Read in November, 2011

"Soul Mining: A musical life" is a trip through Daniel Lanois' travels, friendships, dreams and inspirations. Hard to believe this Canadian was a candle maker in Gainsville, Florida, for a while, then not too long after that he was producing albums for U2. If you play and record music yourself, you'll love his stories from the studio, and most likely gain knowledge and insights. Some of them are simple, perhaps obvious, but to hear them coming from the source, they gain heft and height.

Lanois speaks: "There is a term that I like to use: liftoff. Liftoff is when all the ingredients gel and harmonic interplay works in your favor."

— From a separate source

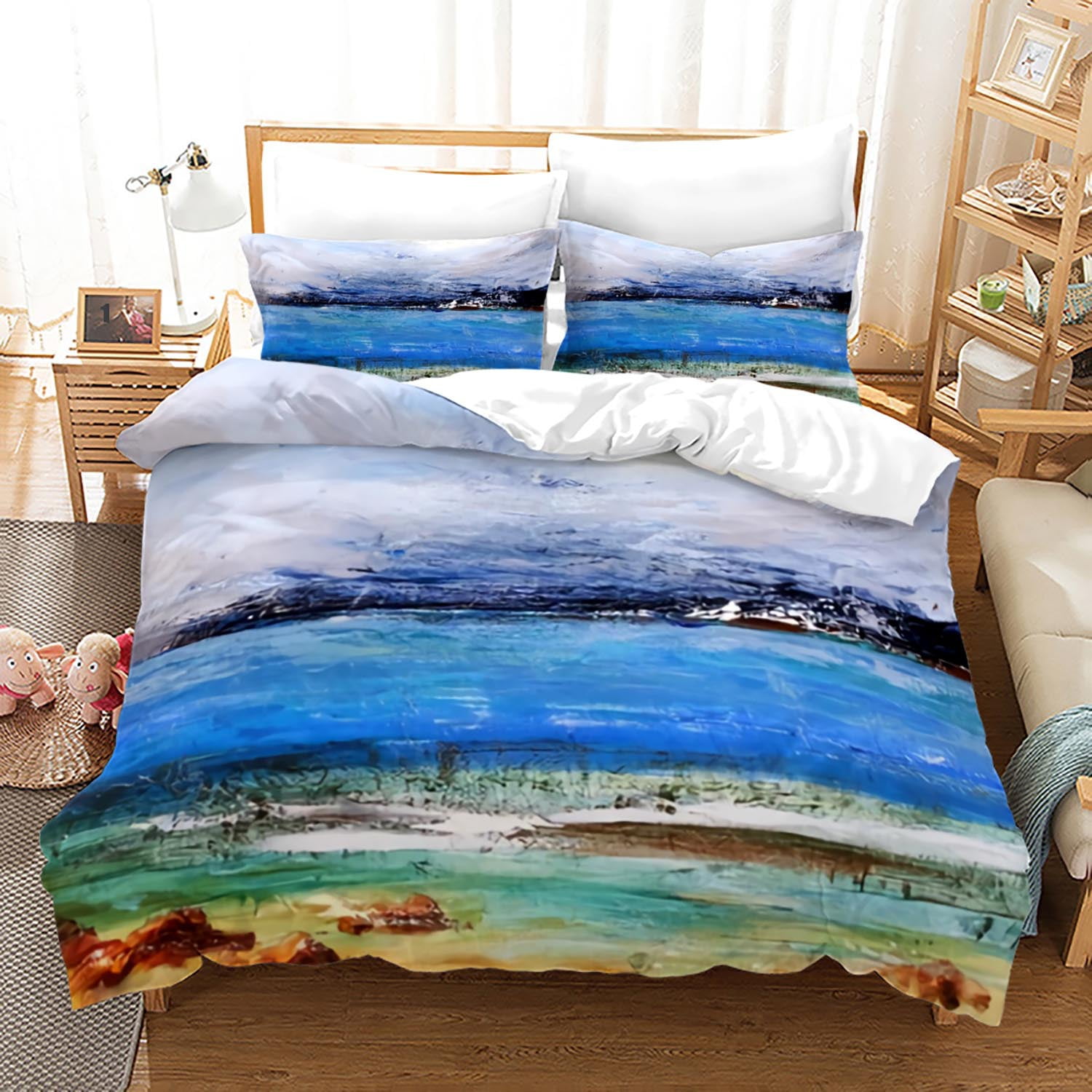 3 Piece Quilts King Size Ocean Theme Duvet Cover Sets,Lightweight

Yes, liftoff, sometimes it happens and who can explain the mystery? Or the luck? Make sure you hit the record button on every take, even the rehearsals.

Occasionally, Lanois drifts — or choruses — into politics. Fine with me. His sensibility: "There are those of us who do not appreciate Jamba Juice butted up against Target, butted up against Taco Bell, butted up against Burger King, with condos on top."

His sentiment on mixing music is especially refreshing, and he mentions that his mixes are "greasy," rather than "perfect." It's a little hard to translate that, exactly, but I think it would be obvious when heard.

While I liked this memoir a lot, one anecdote was quite sad and hit me hard, an unexpected sucker punch.

Lanois produced Bob Dylan's "Time Out of Mind" album, which won three Grammy awards. What the album did not produce was a certified radio hit.

But, as Lanois tells it, "I felt relieved when the ultimate conclusion to our work turned up on television. 'Love Sick' had become the theme for the new Victoria's Secret sexy women's underwear campaign. The penetrating sound of my Goldtop Les Paul and Bob's Telecaster had reached the masses. I felt it had all been worthwhile — Bob and I had had our hit."

Oh, the penetrating dismay.

Did anyone remind Dylan that he wrote "The Times They Are A-Changin'" and "A Hard Rain's A-Gonna Fall"? Did anyone ask him if he wanted to be remembered for pushing pushup bras?

Did anyone at Victoria's Secret listen to the song before they bought it? There is nothing uplifting about it. The feel is more, "This dirge is killing me — I've got to buy a basic black suit so I can attend my own funeral."

Money, honey. Selling out was never sexier. Or more disappointing.